SoLid

The Neutrino team, in collaboration with researchers from France, Belgium and England, is at the origin of the international experiment SoLid [1]. After a large prototype installed at the BR2 reactor in Mol, Belgium [2], built at Subatech, the team has been nationally coordinating an ANR project starting in 2016, which with the support of the technical services, has notably ensured the mechanical design of the detector, the calibration and the coordination of the analysis. The experiment, installed at the BR2 research reactor, had the main goal of probing the flux of antineutrinos at very short distances to test the hypothesis of a sterile neutrino with a mass around eV.

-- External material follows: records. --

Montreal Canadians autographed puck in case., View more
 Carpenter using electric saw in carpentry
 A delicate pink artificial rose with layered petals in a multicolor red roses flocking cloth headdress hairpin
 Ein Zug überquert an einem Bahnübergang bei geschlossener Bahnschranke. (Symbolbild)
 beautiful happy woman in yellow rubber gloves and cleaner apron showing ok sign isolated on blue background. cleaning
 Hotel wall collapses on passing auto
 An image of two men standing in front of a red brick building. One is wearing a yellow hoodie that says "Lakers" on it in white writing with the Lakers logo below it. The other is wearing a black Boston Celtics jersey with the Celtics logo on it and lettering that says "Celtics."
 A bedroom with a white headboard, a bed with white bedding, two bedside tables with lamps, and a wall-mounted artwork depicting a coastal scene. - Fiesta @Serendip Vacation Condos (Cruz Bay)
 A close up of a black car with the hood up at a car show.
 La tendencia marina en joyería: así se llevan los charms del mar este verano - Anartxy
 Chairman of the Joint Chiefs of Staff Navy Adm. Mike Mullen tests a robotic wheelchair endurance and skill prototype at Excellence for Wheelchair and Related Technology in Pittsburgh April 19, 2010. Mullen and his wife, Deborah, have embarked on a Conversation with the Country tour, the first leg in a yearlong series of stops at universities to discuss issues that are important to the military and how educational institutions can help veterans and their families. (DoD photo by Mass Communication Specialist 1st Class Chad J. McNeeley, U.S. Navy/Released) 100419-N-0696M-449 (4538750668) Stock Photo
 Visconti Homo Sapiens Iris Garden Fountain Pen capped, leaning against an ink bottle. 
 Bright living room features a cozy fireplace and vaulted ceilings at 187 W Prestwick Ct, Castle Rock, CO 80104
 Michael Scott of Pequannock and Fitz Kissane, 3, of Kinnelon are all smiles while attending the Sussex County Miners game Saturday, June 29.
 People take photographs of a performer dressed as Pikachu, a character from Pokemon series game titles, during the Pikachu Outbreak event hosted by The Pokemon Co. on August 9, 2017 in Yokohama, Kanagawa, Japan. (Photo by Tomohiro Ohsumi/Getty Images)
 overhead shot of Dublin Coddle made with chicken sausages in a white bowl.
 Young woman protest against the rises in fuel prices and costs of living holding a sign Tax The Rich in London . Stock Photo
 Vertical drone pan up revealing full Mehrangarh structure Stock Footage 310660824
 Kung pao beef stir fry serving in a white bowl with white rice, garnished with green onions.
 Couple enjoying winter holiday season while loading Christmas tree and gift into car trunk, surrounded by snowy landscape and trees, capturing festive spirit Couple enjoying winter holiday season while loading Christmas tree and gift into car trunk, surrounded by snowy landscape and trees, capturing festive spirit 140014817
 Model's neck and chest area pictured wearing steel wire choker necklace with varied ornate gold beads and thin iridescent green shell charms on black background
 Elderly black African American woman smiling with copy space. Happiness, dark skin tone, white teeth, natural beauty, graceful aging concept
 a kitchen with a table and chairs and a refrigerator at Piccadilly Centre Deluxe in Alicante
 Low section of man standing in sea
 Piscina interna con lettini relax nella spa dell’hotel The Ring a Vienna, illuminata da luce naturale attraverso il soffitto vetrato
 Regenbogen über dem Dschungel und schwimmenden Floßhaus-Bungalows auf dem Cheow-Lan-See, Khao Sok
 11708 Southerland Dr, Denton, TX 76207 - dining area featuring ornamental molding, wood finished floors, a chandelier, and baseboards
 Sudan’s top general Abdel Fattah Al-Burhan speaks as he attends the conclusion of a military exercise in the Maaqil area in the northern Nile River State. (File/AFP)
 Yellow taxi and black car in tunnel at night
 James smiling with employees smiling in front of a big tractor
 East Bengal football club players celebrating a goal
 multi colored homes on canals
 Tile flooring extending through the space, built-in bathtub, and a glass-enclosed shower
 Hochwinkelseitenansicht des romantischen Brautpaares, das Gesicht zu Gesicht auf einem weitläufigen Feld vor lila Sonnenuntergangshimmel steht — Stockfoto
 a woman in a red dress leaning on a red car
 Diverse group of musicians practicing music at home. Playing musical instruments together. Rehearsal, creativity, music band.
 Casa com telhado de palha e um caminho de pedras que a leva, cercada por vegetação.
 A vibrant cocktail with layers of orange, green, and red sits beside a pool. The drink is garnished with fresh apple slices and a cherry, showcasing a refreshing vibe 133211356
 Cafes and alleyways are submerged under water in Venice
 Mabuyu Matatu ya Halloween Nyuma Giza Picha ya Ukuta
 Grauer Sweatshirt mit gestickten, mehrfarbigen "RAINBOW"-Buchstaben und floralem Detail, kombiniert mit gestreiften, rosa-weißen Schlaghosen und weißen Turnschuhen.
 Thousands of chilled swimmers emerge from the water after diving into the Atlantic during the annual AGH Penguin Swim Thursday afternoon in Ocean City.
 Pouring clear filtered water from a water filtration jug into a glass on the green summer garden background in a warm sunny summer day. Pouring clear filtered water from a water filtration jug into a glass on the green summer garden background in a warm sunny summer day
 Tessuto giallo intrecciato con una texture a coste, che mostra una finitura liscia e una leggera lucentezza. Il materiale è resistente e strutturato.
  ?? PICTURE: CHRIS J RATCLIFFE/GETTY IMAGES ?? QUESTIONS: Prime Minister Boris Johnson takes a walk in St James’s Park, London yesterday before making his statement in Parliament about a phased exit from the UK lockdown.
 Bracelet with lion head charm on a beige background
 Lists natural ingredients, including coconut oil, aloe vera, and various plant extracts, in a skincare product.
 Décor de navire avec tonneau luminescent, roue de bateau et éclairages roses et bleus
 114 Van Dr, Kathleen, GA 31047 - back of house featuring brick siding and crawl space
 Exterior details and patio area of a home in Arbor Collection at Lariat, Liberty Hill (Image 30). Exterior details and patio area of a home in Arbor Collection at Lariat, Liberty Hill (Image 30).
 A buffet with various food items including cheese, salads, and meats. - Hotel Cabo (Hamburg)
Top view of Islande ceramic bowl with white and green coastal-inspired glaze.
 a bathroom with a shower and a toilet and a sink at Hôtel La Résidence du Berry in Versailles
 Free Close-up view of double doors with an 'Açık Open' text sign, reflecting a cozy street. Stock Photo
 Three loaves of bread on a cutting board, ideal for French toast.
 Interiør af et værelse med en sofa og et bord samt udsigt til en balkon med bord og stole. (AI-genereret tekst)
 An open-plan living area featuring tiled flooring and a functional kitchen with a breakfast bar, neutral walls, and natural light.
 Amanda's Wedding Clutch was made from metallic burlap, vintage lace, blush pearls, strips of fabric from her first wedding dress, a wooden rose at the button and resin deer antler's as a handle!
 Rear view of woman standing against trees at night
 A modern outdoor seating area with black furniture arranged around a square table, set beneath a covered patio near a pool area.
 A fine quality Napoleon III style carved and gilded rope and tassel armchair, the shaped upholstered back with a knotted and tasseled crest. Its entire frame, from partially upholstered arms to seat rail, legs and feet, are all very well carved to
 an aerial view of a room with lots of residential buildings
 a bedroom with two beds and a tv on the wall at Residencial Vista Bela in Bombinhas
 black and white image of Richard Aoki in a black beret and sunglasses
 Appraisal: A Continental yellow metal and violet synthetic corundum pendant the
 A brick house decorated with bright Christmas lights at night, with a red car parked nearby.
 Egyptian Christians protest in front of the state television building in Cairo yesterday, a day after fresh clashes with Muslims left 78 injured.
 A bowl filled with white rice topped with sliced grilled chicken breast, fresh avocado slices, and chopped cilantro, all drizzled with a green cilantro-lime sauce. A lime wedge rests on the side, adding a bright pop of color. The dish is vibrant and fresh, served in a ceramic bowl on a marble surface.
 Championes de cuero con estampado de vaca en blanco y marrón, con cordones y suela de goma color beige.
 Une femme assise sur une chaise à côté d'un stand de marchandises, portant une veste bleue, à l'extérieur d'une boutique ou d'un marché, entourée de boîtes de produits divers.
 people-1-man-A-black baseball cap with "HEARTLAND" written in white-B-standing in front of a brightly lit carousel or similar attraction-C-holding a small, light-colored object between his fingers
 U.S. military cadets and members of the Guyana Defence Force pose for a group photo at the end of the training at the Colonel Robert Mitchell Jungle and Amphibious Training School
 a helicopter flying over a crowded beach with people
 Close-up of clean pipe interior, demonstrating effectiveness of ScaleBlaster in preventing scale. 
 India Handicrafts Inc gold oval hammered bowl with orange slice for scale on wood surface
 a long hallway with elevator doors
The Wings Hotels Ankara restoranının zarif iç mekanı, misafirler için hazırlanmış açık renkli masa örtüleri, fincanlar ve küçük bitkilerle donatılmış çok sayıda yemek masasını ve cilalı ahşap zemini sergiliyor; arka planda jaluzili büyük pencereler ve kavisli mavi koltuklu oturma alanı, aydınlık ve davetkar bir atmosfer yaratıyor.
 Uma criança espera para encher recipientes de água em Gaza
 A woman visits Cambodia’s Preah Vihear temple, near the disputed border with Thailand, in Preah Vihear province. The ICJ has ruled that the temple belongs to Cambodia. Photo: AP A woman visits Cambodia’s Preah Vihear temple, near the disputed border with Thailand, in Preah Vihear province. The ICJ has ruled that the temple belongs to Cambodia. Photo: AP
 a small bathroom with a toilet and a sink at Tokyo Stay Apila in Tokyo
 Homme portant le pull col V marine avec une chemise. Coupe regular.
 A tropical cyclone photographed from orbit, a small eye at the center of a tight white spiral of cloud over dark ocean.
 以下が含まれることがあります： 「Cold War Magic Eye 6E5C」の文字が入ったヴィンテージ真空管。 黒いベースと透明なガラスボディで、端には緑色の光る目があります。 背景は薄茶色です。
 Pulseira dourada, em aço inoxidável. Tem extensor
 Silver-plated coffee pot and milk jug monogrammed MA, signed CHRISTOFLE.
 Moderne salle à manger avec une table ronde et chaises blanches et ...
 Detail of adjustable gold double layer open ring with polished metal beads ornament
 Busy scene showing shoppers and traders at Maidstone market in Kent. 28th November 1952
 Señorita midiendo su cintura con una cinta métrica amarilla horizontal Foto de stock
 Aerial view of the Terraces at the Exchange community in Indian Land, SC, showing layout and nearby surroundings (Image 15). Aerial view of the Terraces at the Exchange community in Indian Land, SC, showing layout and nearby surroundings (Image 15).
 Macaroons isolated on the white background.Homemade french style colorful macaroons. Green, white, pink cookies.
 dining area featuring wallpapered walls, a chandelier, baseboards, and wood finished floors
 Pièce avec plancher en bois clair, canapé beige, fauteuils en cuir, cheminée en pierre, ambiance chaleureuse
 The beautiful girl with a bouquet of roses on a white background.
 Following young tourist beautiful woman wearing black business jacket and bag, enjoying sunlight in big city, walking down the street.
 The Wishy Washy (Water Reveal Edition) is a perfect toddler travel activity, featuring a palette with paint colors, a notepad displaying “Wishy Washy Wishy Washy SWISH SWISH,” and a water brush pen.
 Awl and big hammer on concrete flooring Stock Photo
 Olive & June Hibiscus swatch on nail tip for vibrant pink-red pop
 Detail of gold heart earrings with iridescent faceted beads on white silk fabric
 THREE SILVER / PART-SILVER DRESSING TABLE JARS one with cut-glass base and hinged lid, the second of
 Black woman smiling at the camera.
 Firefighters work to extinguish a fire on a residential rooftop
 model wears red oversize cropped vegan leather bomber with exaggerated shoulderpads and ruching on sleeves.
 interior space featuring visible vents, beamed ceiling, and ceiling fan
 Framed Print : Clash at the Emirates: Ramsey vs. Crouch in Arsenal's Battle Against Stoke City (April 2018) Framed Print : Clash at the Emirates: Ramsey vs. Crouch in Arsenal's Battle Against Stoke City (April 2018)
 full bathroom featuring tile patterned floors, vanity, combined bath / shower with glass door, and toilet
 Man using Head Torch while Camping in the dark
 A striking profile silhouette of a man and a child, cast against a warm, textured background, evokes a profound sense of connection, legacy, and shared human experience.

[1] “A novel segmented-scintillator antineutrino detector", JINST , volume 12, (2017), 04024
[2] “Performance of a full scale prototype detector at the BR2 reactor for the SoLid experiment", JINST, volume 13, (2018), 05005

Double Chooz

The international Double-Chooz collaboration has succeeded in obtaining the value of the parameterθ13 with the best systematic error in the world, the last to be measured among those that characterize neutrino oscillations. These results were published in the journal Nature Physics [1]. This study of θ13 in turn served to demonstrate very robustly that the evel of uncertainty in flux predictions was greatly underestimated, possibly by a factor of 4 strongly disfavoring the reactor anomaly that appeared when comparing the measured flux to the predicted flux. The experiment also provides the most accurate measurement of the neutrino flux from nuclear reactions in reactors, which is proportional to the measurement of the average cross section per fission reaction.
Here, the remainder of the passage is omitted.